体操個人金メダルの内村航平選手の最後の鉄棒での逆転に心が熱くなる。

今朝、彼の美しい肉体を捉えた数枚の新聞写真を見て、
それらを撮ったスポーツプロカメラマンの感動も伝わってくる。

ふと、目にとまったのは「オレグ・ベルニャエフ」の記事

。。。。憧れの内村に肉薄 「次は勝つ」。。。。

。。。。内村は憧れの存在だった。2013年に初めて同じ大会に出た時、
面食らった。「天才なのに努力する。技術もあってエレガント」。あまりに
レベルが高すぎて愕然とした。。。。。。。。。。。。
。。。。。。ウクライナは内戦に苦しみ、生まれ故郷のドネスクは数年前から
戦火に包まれた。。。。。。「日本やアメリカの選手のような練習環境はない。
ベストを尽くすだけ」。年間20~30試合に出場し、試合を練習代わりにして
力をつけた。。。。賞金を稼いだ。

。。。記者会見で内村にこんな質問が向けられた。

「審判があなたにシンパシー(親しみ)を感じているから、こんな(高い)点数が
出たのでは?」

自分への質問ではないのに、わざわざこう言い返した。
「いったん得点が出れば、それは公平な結果。その質問は無駄だと思う」

。。。。「ここまで彼(内村)に肉薄した選手は過去にいない」と誇った。
「ものすごく内村を尊敬しているけれど、次は僕が勝つ」

              (朝日新聞)

記者会見でのことはすでに話題になっていたようだが、記事を読んで興味深く
思ったのは、シンパシーを「親しみ」と訳していること。

シンパシー " sympathy" の語源は sym(一緒に、共に)+pathy(感情)
だから日本語の訳では、一般的に「共感/同情/お悔み」の意味がついている。
気になってネットニュースの訳を見てみたら、「同情」で訳していた。
う~ん。。。。違うよね。これまでの内村選手の実績、努力などを見てきた
ことで、共感・共鳴してきたからではないかが近いのでは。それを「親しみ」と
訳したのは妥当だと思う。

言葉は難しい。ましてや通訳・翻訳を通して違うニュアンスのことが伝えられる
難しさ、怖さがある。


あっ!もちろん私は4年後も内村選手に勝ってもらいたい。


脳トレもかねて、英文で読んでみた。
所々、訳してみたが、赤い部分は内村選手の言葉、青い部分はベルニャエフ。

The drama lifted again in the press conference, as one reporter stood to ask Uchimura
if the judges had made their marks simply out of personal favoritism.(個人的な好意から)
 

The Japanese star listened to the translation through his headphones, tilted his head(首をかしげる)
and asked the man to repeat his question. The other reporters laughed nervously.

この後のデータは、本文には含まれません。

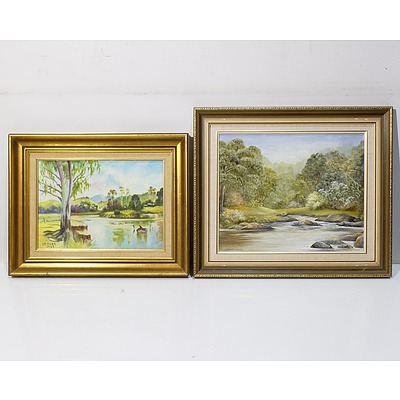 Eleanor Inns The River Bank Oil on Board and EM. Gramm River Gums Country Oil on Board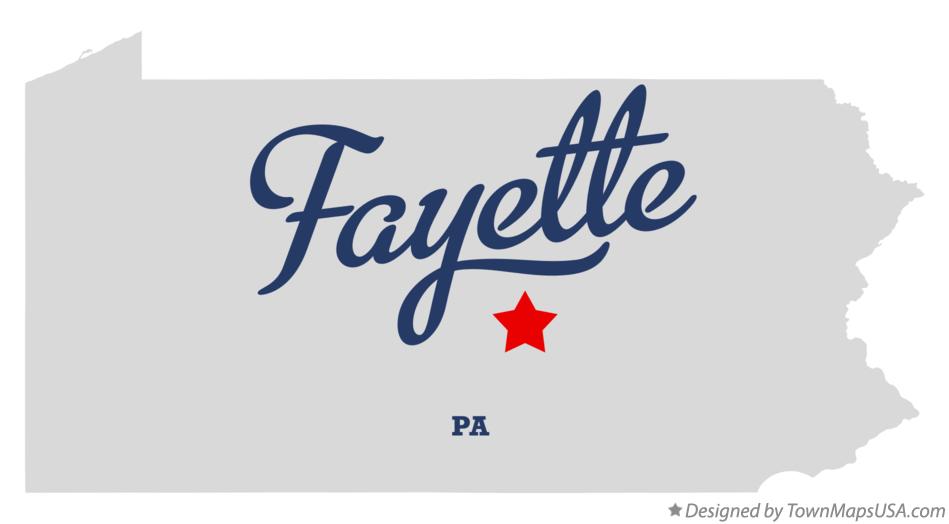 Map of Fayette Pennsylvania PA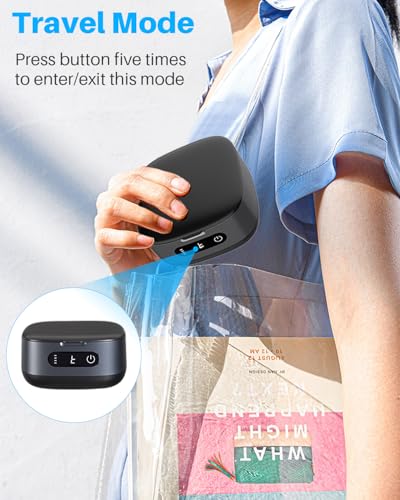 Voraiya Rechargeable Ultrasonic Retainer Cleaner, Portable Retainer Cleaner Machine, 52kHz Retainer Cleaner for Dentures, Night Guards, Mouth Guards, 166ml Dental Cleaning Pod with Mirror, 3 Modes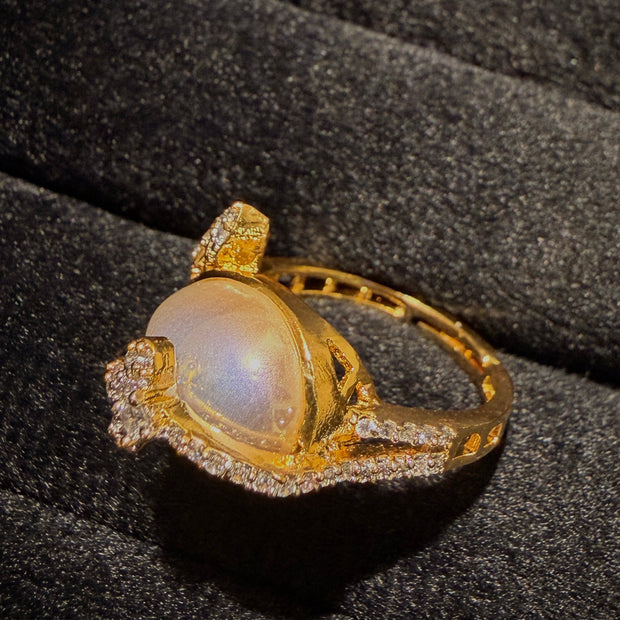 Pearl‑Glow Floral Couture Ring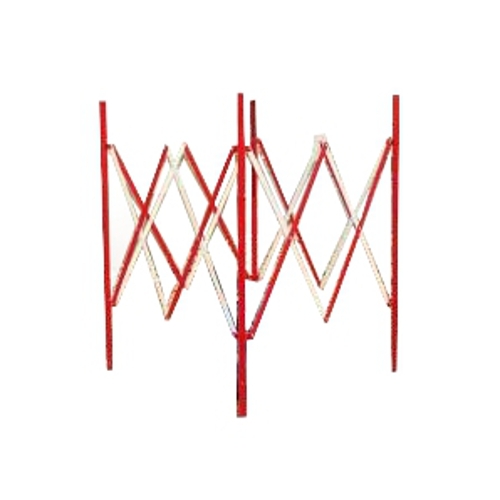 Barrière de regard extensible - Acier rouge et blanc - 1 m de haut - Surface jusqu'à 1 m²_0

“Your performance in the last event was very impressive(感動的),” the reporter said.
“But you won by one tenth of a point. Don’t you have any doubt that
this difference is too much? Don’t you feel you have sympathy from referees?”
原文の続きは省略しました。